◆ Available records ◆
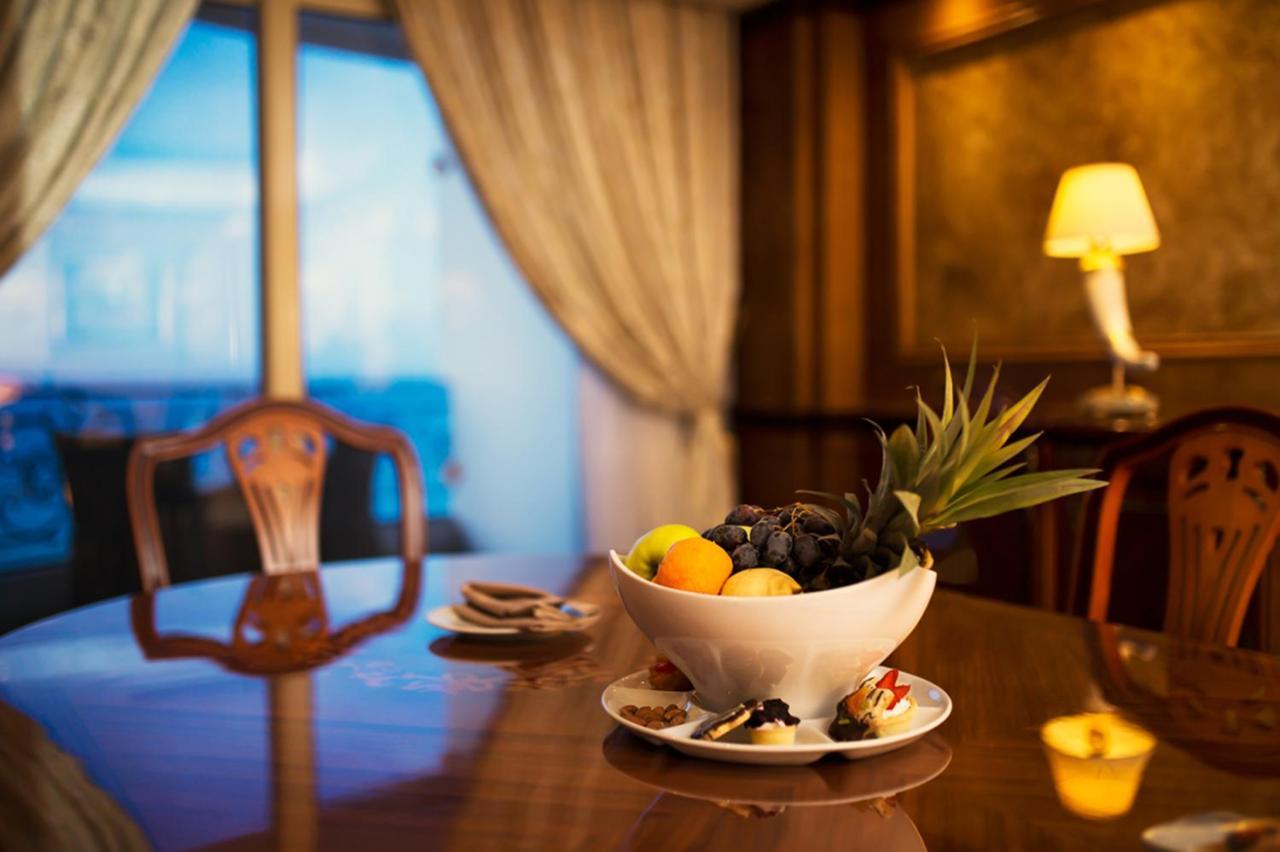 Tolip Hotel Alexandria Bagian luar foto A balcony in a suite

* * *

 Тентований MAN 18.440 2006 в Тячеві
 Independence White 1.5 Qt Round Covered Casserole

◆ Activity ◆
Please reproduce exactly the lines in the listing above from the one containing "Тентований MAN 18.440 2006 в Тячеві" through the one containing "Independence White 1.5", both included, and nothing more.

◆ Task response ◆
 Тентований MAN 18.440 2006 в Тячеві
 Independence White 1.5 Qt Round Covered Casserole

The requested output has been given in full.